Dataset items
··········
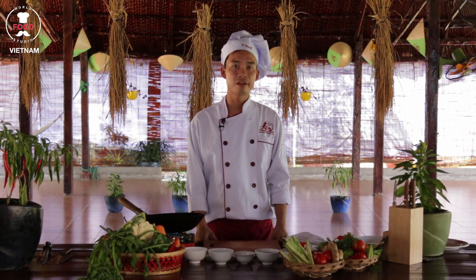Now I would like to introduce for you a very famous Vietnamese dish for entree — they call it crispy chicken wings with fish sauce.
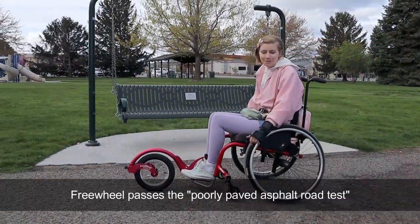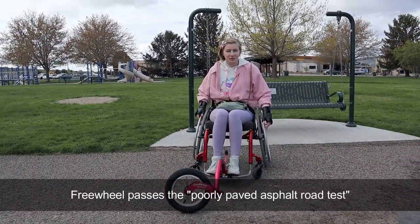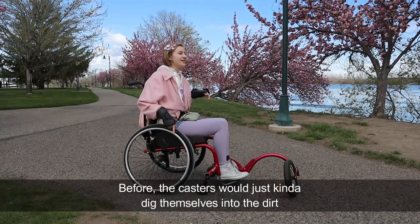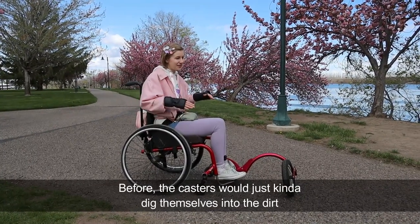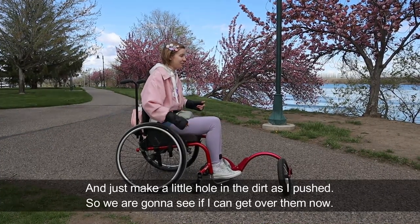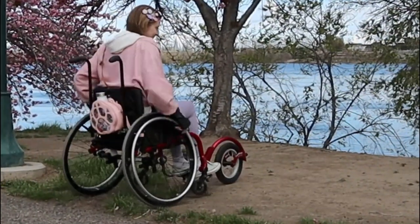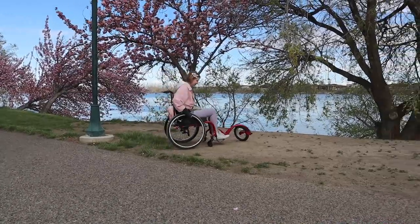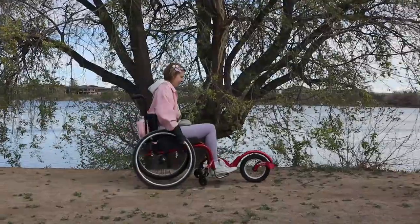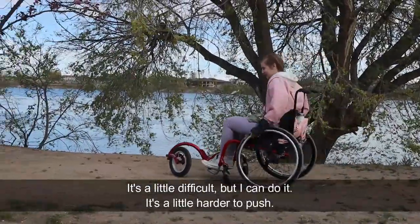Freewheel passes the poorly paved asphalt road test! Okay, next we're going to try dirt. Before, the casters would just kind of dig themselves into the dirt and just make a little hole as I pushed. So we're going to see if I can get over them now. It's a little difficult, but I can do it. It's a little harder to push.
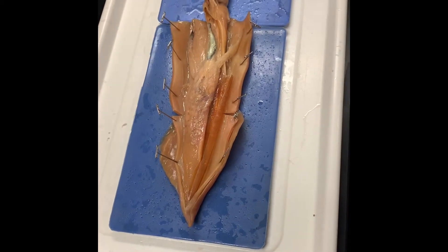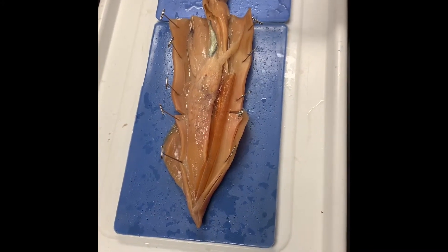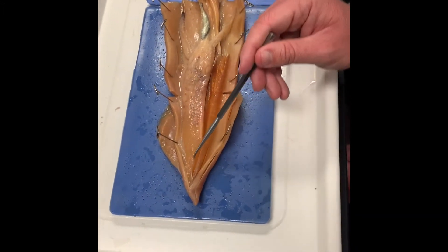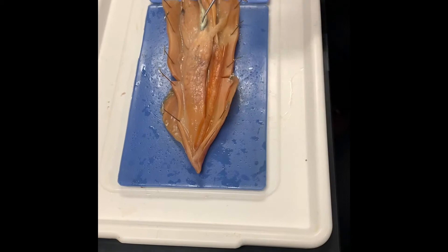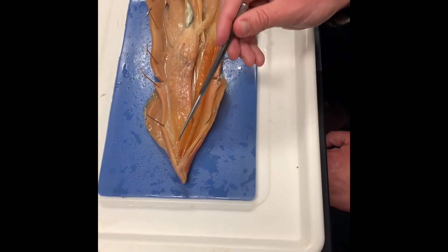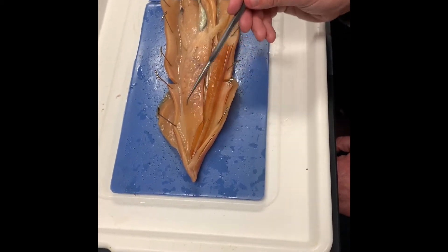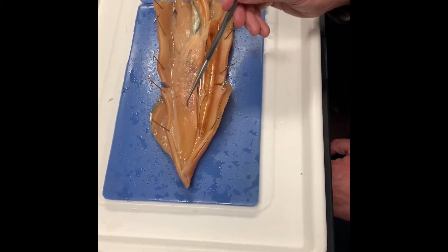Now for the internal stuff. The gonads are first. Filling in all of the dorsal part of the squid — this is all gonad. A lot of the ones we dissected you could tell were female because there were very obviously eggs. This one I don't see obvious eggs, but that doesn't make it automatically male — it could be an undeveloped female. So we're not asking you to identify ovaries or testes, just know it as gonad. It fills this entire upper triangle of the mantle. That's all gonad.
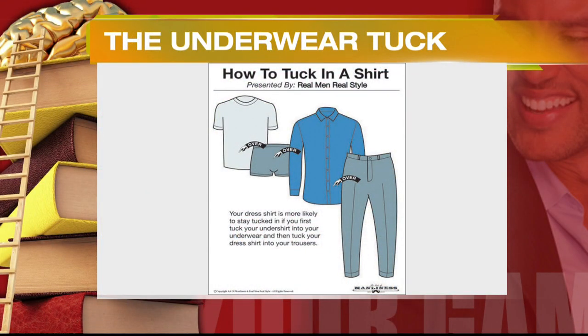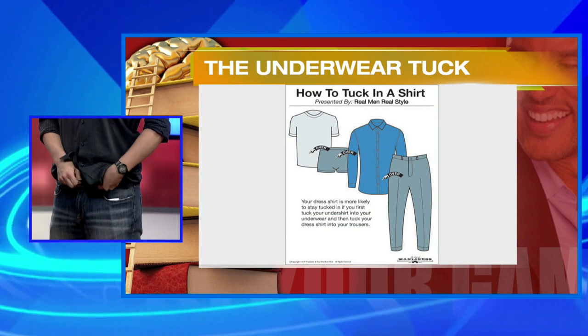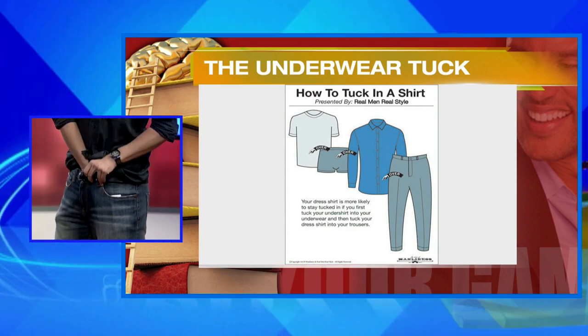Here's one for the undershirt wearers — this one is called the underwear tuck. What you wanna do is tuck your undershirt into your underwear, and then tuck your shirt over the top. It's just a way to keep everything together down there. And also, if you can, you can tuck your actual shirt into your underwear too, if your pants are not low rise.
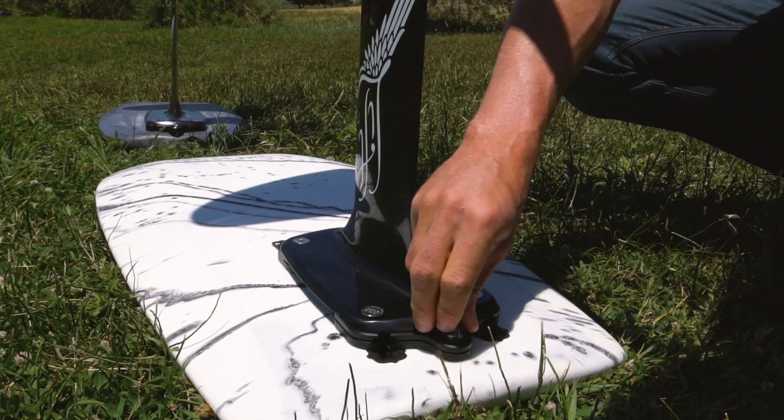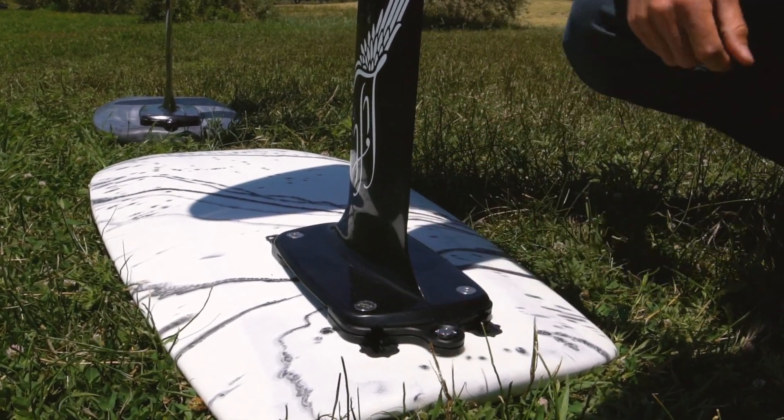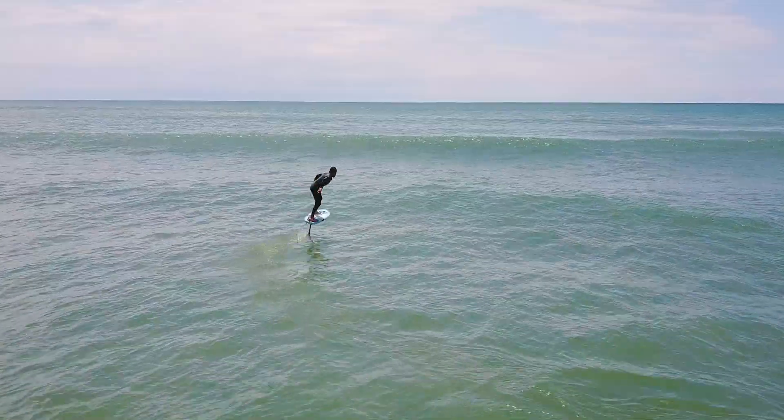With the QFS, only 10 seconds are required to assemble or disassemble your foil, providing more time to ride and less time setting up your gear.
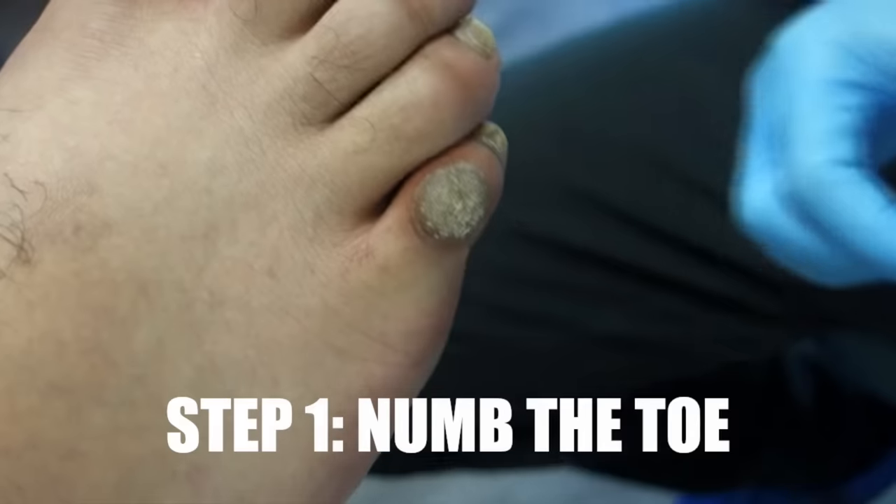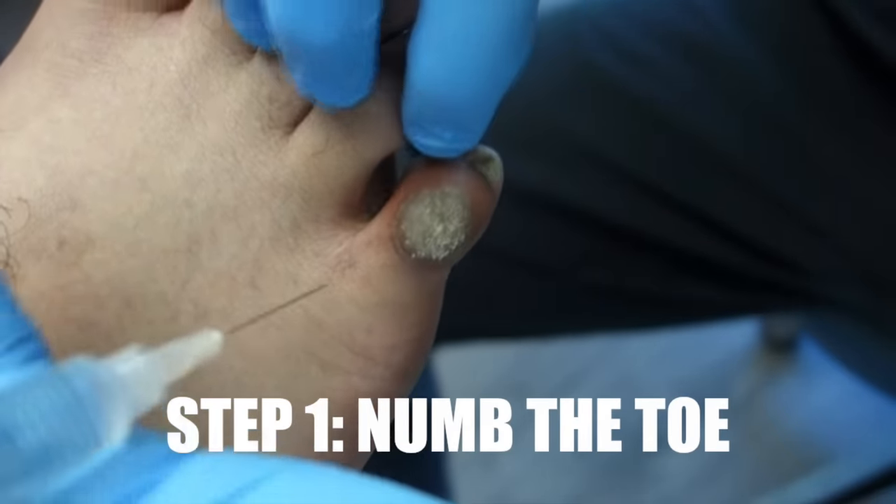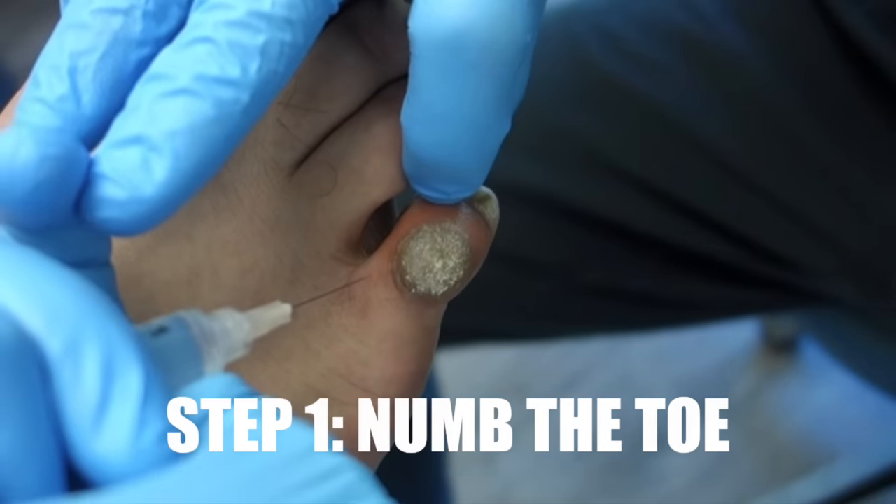I'm just wiping down the area. Okay, so here we go. Three, a pinch. One, two, three.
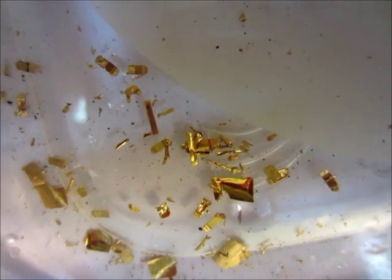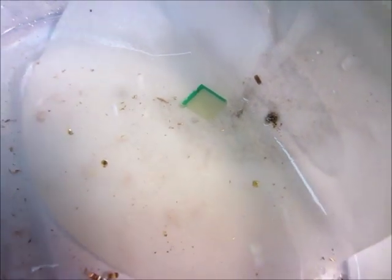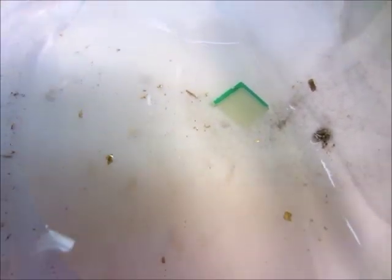It actually worked way better than I thought it would. Here's a better shot of the gold flakes — this larger piece here was from this component, which used to look like that. It's plated onto a little bit of copper, and the copper is the part that got dissolved away — or maybe it could even be silver, but it's probably copper — and left the gold behind.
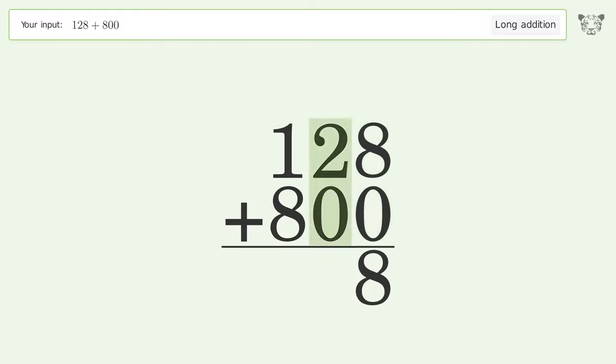2 plus 0 equals 2. 1 plus 8 equals 9. And so the final result is 928.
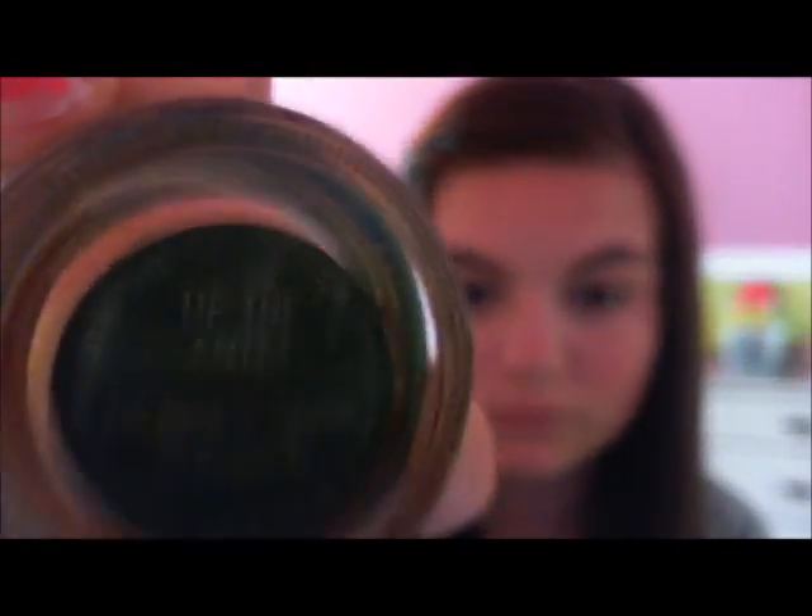I'm going to be taking a bounce shadow from MAC called Up the Ante, and I'm going to be using a kind of thick, cream-looking brush — it's like a really thick mousse kind of thing. You don't need that much on your brush for it, which is awesome because you don't have to waste any of it. I'm pretty sure the stuff on the lid will last me a lifetime.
··········
» TASK DESCRIPTION
Would you please repeat the entries above verbatim, excluding each picture?

» ANSWER TO THE EXERCISE
Now I would like to introduce for you a very famous Vietnamese dish for entree — they call it crispy chicken wings with fish sauce.
Freewheel passes the poorly paved asphalt road test! Okay, next we're going to try dirt. Before, the casters would just kind of dig themselves into the dirt and just make a little hole as I pushed. So we're going to see if I can get over them now. It's a little difficult, but I can do it. It's a little harder to push.
Now for the internal stuff. The gonads are first. Filling in all of the dorsal part of the squid — this is all gonad. A lot of the ones we dissected you could tell were female because there were very obviously eggs. This one I don't see obvious eggs, but that doesn't make it automatically male — it could be an undeveloped female. So we're not asking you to identify ovaries or testes, just know it as gonad. It fills this entire upper triangle of the mantle. That's all gonad.
Here's one for the undershirt wearers — this one is called the underwear tuck. What you wanna do is tuck your undershirt into your underwear, and then tuck your shirt over the top. It's just a way to keep everything together down there. And also, if you can, you can tuck your actual shirt into your underwear too, if your pants are not low rise.
With the QFS, only 10 seconds are required to assemble or disassemble your foil, providing more time to ride and less time setting up your gear.
I'm just wiping down the area. Okay, so here we go. Three, a pinch. One, two, three.
It actually worked way better than I thought it would. Here's a better shot of the gold flakes — this larger piece here was from this component, which used to look like that. It's plated onto a little bit of copper, and the copper is the part that got dissolved away — or maybe it could even be silver, but it's probably copper — and left the gold behind.
2 plus 0 equals 2. 1 plus 8 equals 9. And so the final result is 928.
I'm going to be taking a bounce shadow from MAC called Up the Ante, and I'm going to be using a kind of thick, cream-looking brush — it's like a really thick mousse kind of thing. You don't need that much on your brush for it, which is awesome because you don't have to waste any of it. I'm pretty sure the stuff on the lid will last me a lifetime.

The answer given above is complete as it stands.